▸ **Exercise**: Starting at the line below with "Andre Lipscombe, Arrangement" and stopping at the line with "Tampilan gameplay seru", please print each line exactly, those two included, and skip every picture.

▸ **Task inputs**:
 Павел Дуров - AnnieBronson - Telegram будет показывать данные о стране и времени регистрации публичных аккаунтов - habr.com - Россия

---

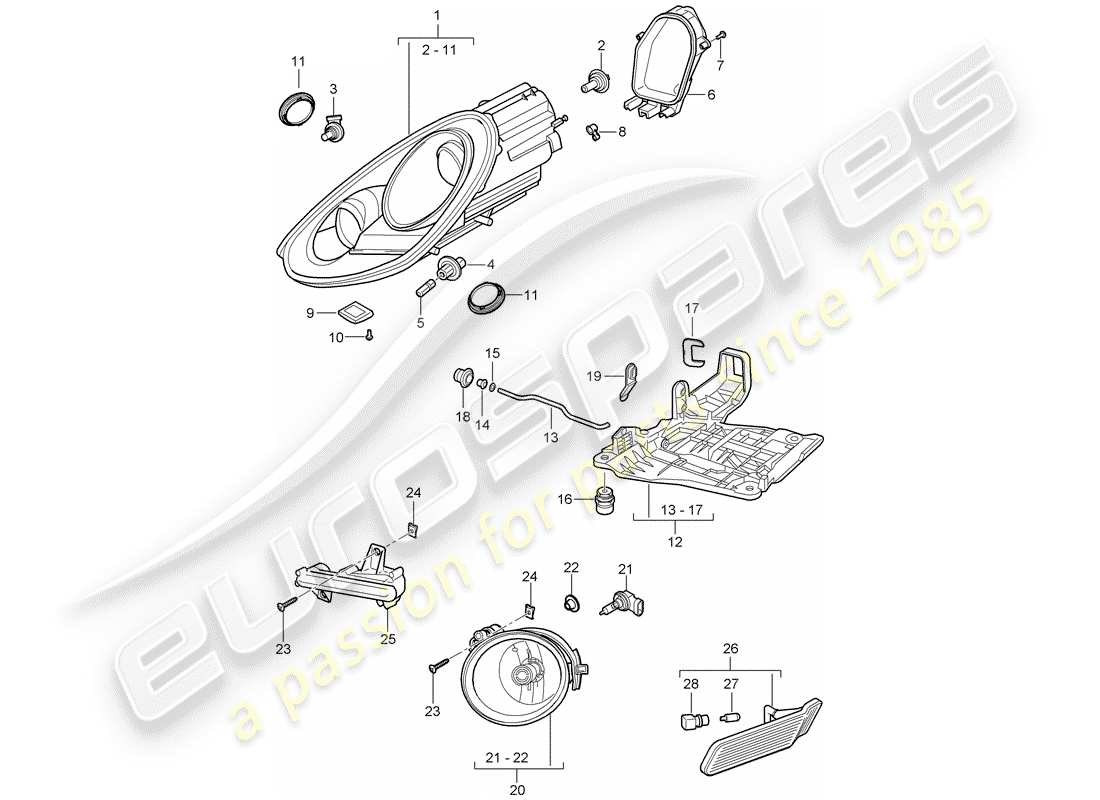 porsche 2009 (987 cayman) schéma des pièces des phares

---

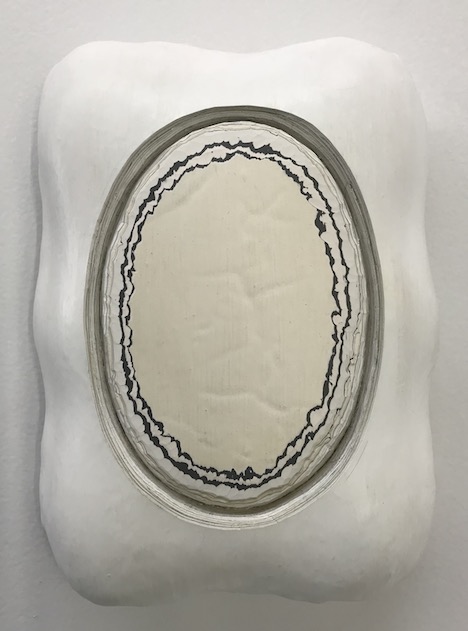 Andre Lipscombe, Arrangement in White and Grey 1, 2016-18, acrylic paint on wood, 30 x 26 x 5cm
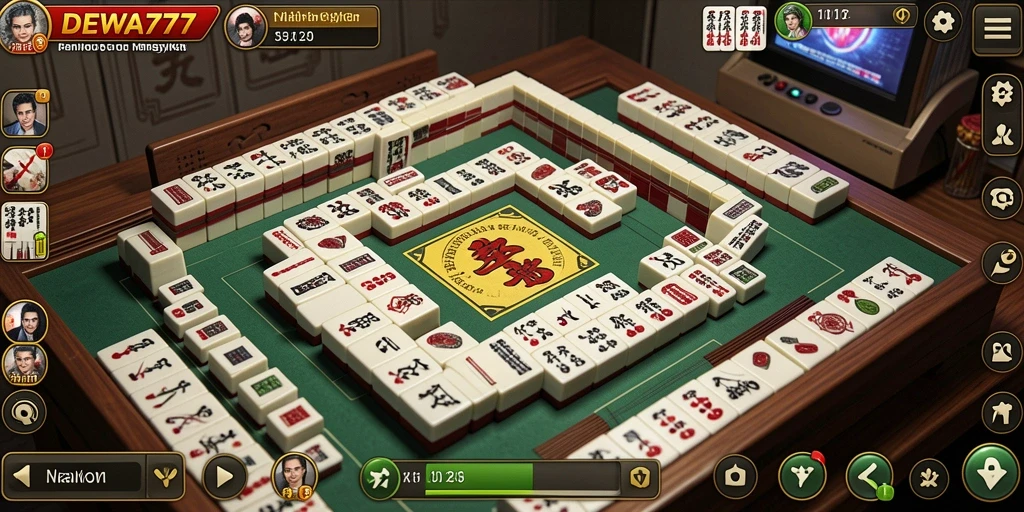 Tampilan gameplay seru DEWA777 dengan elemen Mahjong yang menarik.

▸ **Response to this exercise**:
 Andre Lipscombe, Arrangement in White and Grey 1, 2016-18, acrylic paint on wood, 30 x 26 x 5cm
 Tampilan gameplay seru DEWA777 dengan elemen Mahjong yang menarik.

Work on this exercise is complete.